Goal of the exercise:
Given the records underneath, please repeat exactly the lines from the line with "Höhenverstellbarer Executive Desk Dual Motor" through the line with "Bonsai mix 30cm 14cm Pot", passing over any picture.
::: Data shown :::
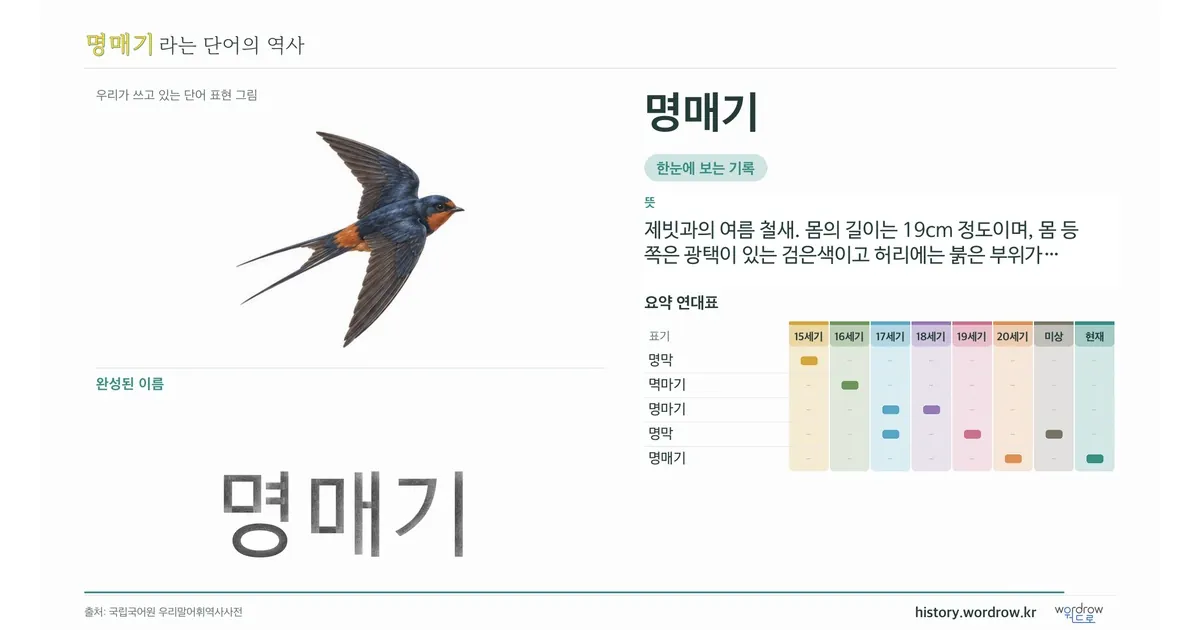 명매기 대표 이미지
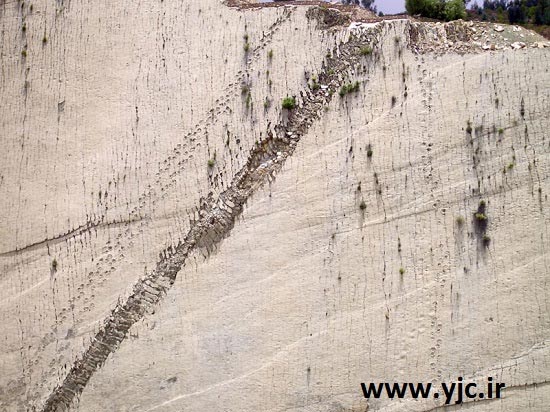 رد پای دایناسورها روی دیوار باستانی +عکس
:::
::: Data shown :::
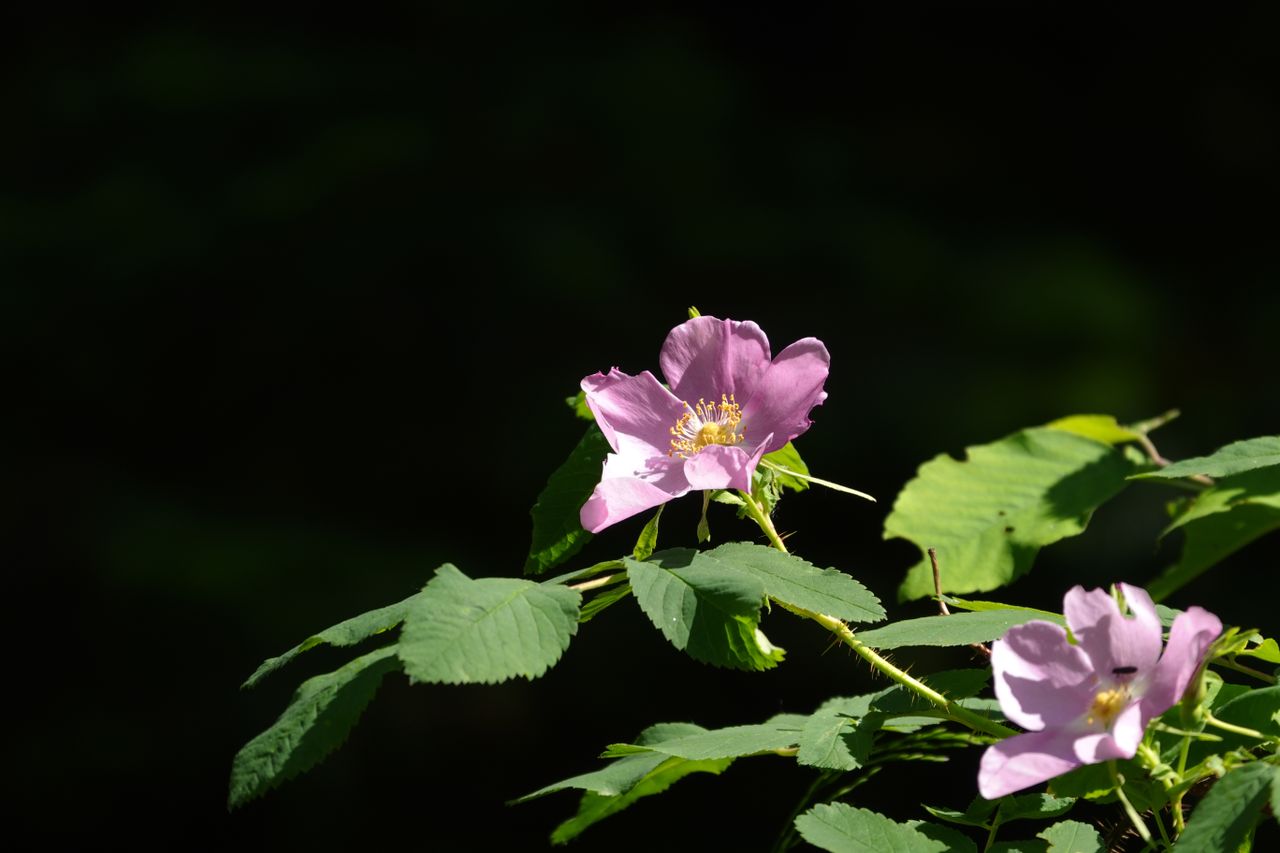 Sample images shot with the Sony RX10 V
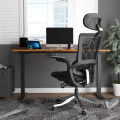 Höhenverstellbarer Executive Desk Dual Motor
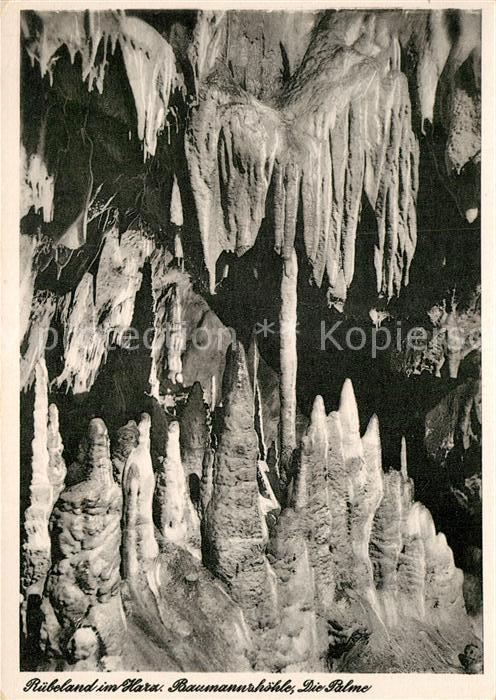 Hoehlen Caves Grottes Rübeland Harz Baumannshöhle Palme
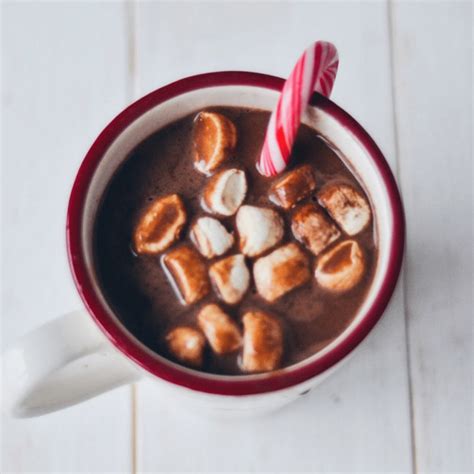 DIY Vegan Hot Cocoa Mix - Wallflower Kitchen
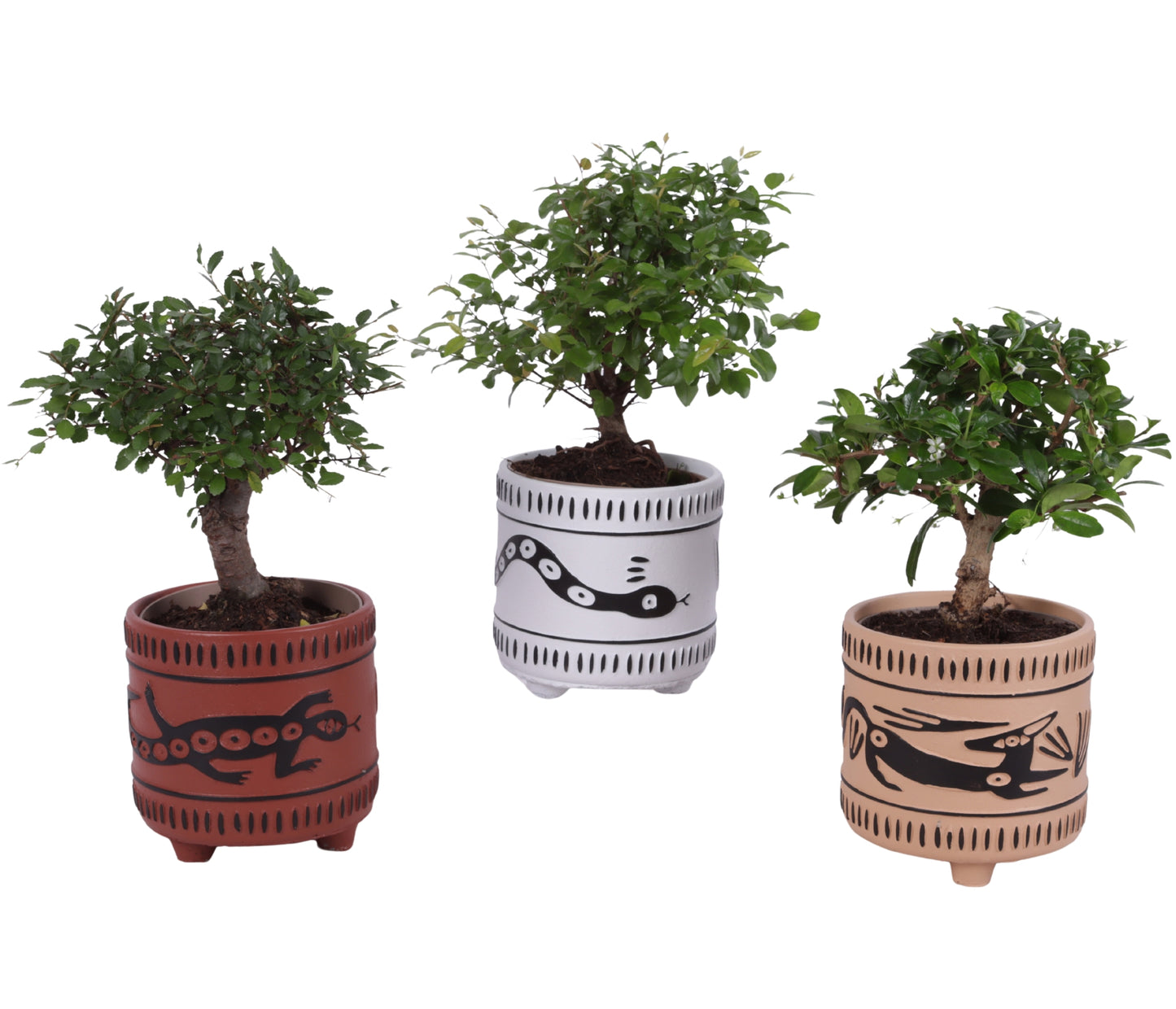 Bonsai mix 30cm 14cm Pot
:::
Solution:
 Höhenverstellbarer Executive Desk Dual Motor
 Hoehlen Caves Grottes Rübeland Harz Baumannshöhle Palme
 DIY Vegan Hot Cocoa Mix - Wallflower Kitchen
 Bonsai mix 30cm 14cm Pot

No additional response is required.